── DATASET ──

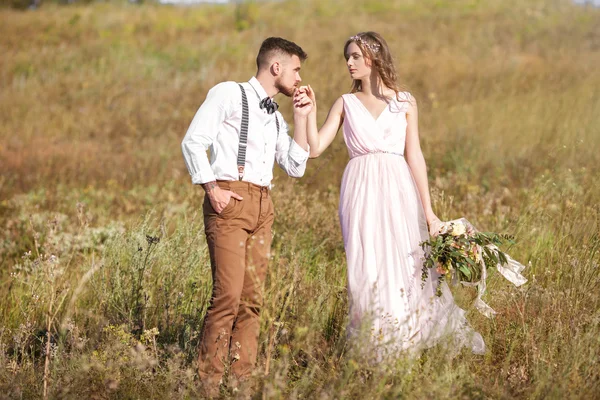 Noiva e noivo abraçando no casamento — Fotografia de Stock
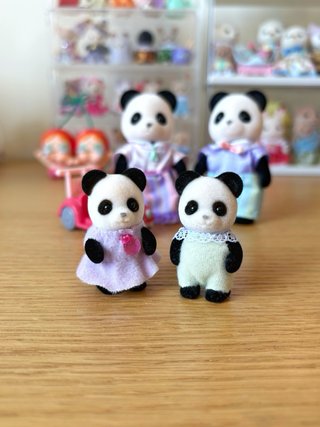Familia Panda Sylvanian Families con Coche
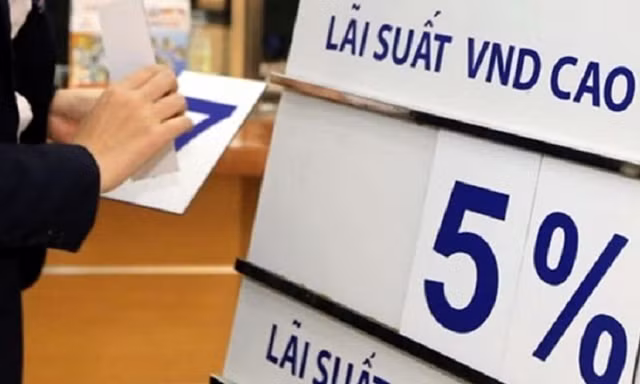 Một ngân hàng lớn giảm lãi suất tiết kiệm thấp kỷ lục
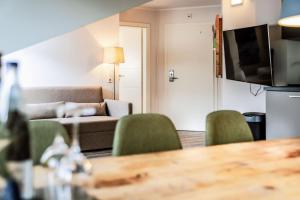 a living room with a couch and a table at Smart Resorts Haus Azur Ferienwohnung 812 in Winterberg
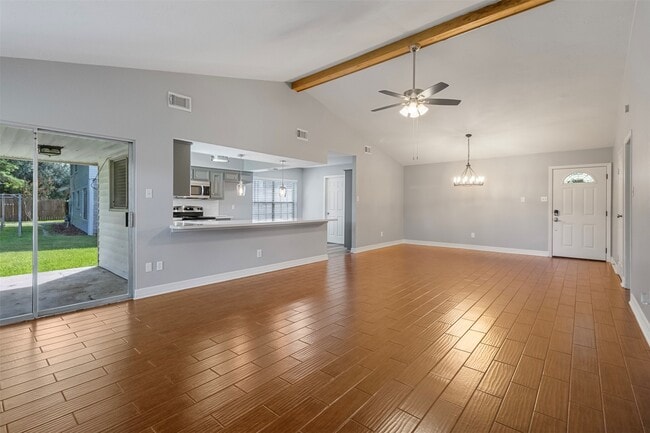 Photo - 210 Pecan Valley Ct
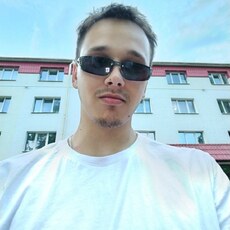 Фотография мужчины Илья, 20 лет из г. Витебск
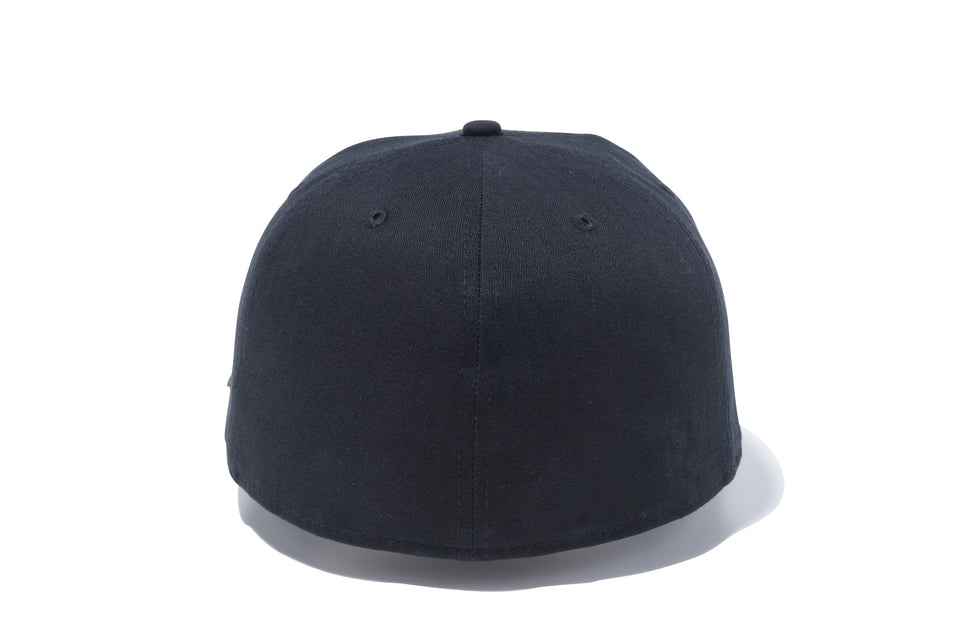 59FIFTY メタルフラッグロゴ ブラック ブラッシュガンメタル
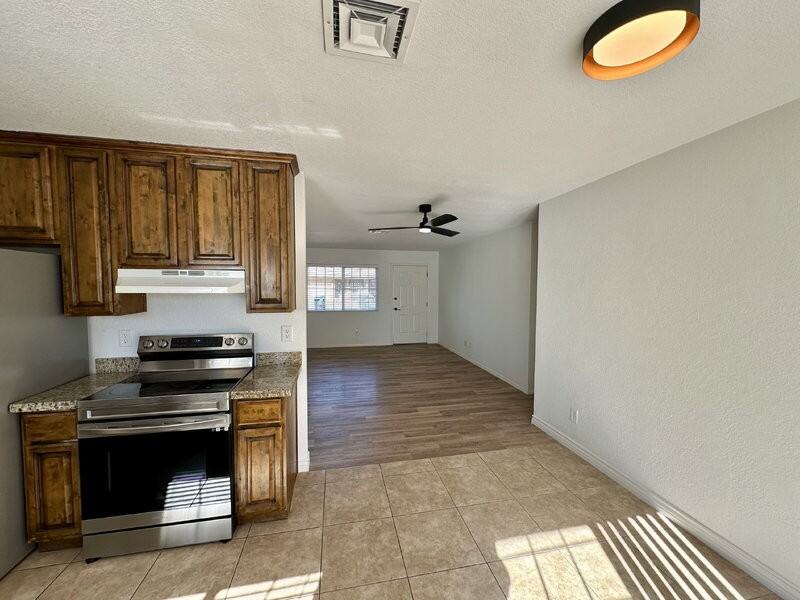 4663 E Covina St - Photo 4 of 15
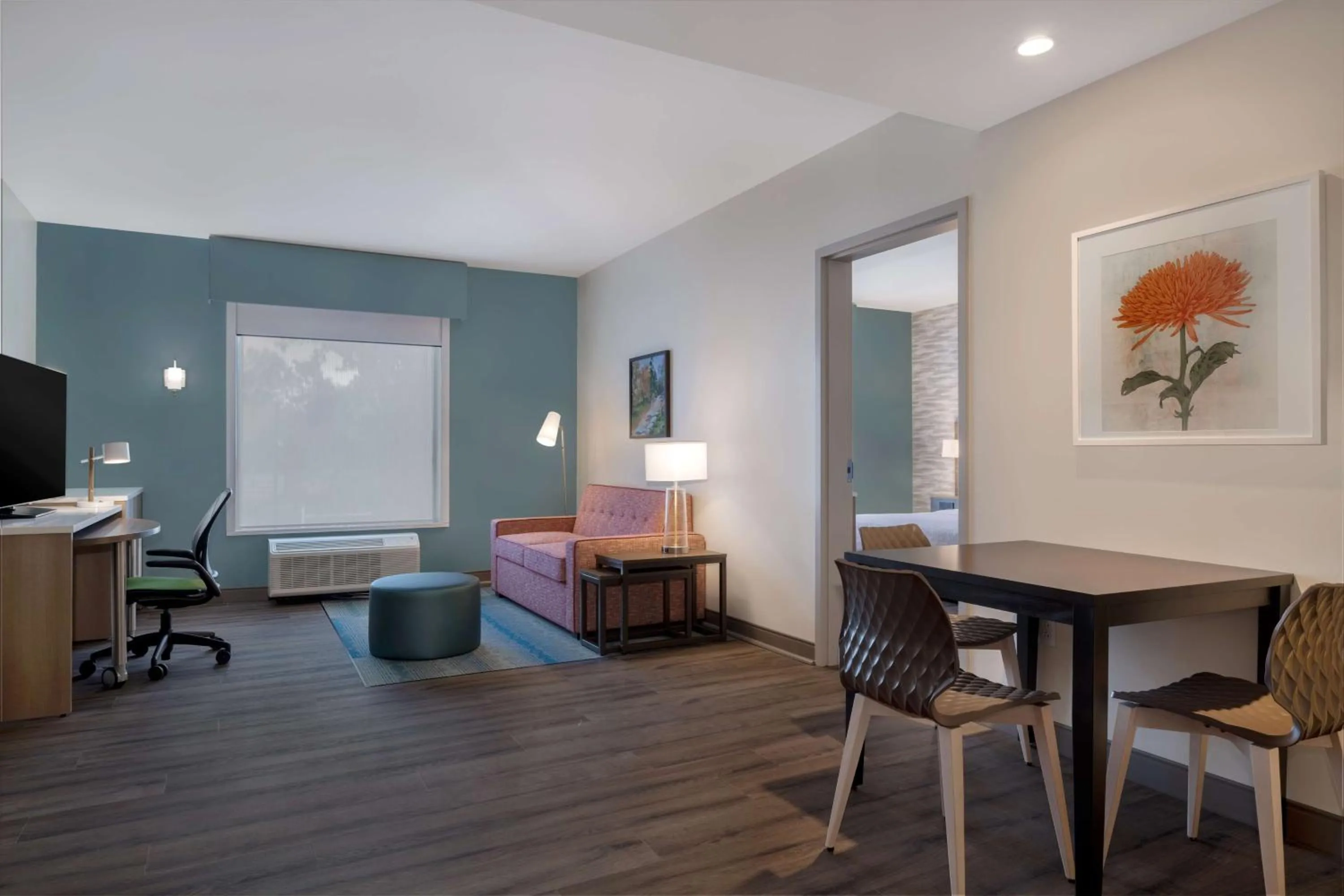 Living room in Home2 Suites By Hilton Bristol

───

- ACTION ITEM: Transcribe the listing in full. Leave the pictures out.

- WORKED SOLUTION:
 Noiva e noivo abraçando no casamento — Fotografia de Stock
Familia Panda Sylvanian Families con Coche
 Một ngân hàng lớn giảm lãi suất tiết kiệm thấp kỷ lục
 a living room with a couch and a table at Smart Resorts Haus Azur Ferienwohnung 812 in Winterberg
 Photo - 210 Pecan Valley Ct
 Фотография мужчины Илья, 20 лет из г. Витебск
 59FIFTY メタルフラッグロゴ ブラック ブラッシュガンメタル
 4663 E Covina St - Photo 4 of 15
 Living room in Home2 Suites By Hilton Bristol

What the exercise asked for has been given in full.